• INFORMATION SHOWN:
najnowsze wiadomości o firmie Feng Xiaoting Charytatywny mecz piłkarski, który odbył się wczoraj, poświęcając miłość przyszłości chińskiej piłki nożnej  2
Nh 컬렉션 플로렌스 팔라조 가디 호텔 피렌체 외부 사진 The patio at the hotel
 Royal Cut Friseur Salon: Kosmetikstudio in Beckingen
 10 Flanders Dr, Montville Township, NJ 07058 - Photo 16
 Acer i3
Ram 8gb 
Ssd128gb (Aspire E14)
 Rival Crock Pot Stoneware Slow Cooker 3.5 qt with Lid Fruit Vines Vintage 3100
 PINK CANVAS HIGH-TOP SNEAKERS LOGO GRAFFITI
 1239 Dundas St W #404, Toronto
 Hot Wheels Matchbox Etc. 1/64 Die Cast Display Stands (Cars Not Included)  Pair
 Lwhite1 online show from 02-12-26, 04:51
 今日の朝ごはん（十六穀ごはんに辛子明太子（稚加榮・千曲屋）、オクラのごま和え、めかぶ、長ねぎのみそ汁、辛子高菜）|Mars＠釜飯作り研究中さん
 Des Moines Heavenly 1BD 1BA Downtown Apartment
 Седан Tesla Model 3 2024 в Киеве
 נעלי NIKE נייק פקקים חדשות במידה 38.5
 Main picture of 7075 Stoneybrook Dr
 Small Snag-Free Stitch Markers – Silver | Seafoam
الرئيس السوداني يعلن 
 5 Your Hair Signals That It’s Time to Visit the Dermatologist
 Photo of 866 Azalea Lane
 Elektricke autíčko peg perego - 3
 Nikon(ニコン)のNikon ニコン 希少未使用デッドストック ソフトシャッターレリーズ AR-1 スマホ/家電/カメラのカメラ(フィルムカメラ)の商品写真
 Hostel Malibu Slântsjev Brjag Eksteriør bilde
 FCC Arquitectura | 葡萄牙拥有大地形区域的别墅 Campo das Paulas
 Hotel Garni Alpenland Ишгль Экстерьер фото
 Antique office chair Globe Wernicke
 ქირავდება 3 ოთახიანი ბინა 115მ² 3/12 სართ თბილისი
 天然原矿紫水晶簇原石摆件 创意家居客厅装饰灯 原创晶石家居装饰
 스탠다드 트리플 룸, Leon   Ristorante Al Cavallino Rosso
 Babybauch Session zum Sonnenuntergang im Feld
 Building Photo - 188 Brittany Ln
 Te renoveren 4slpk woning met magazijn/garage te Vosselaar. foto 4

• WORK REQUIRED:
A single number is needed: how many lines of the material contain the word "Photo".

• ANSWER TO THIS PROBLEM:
3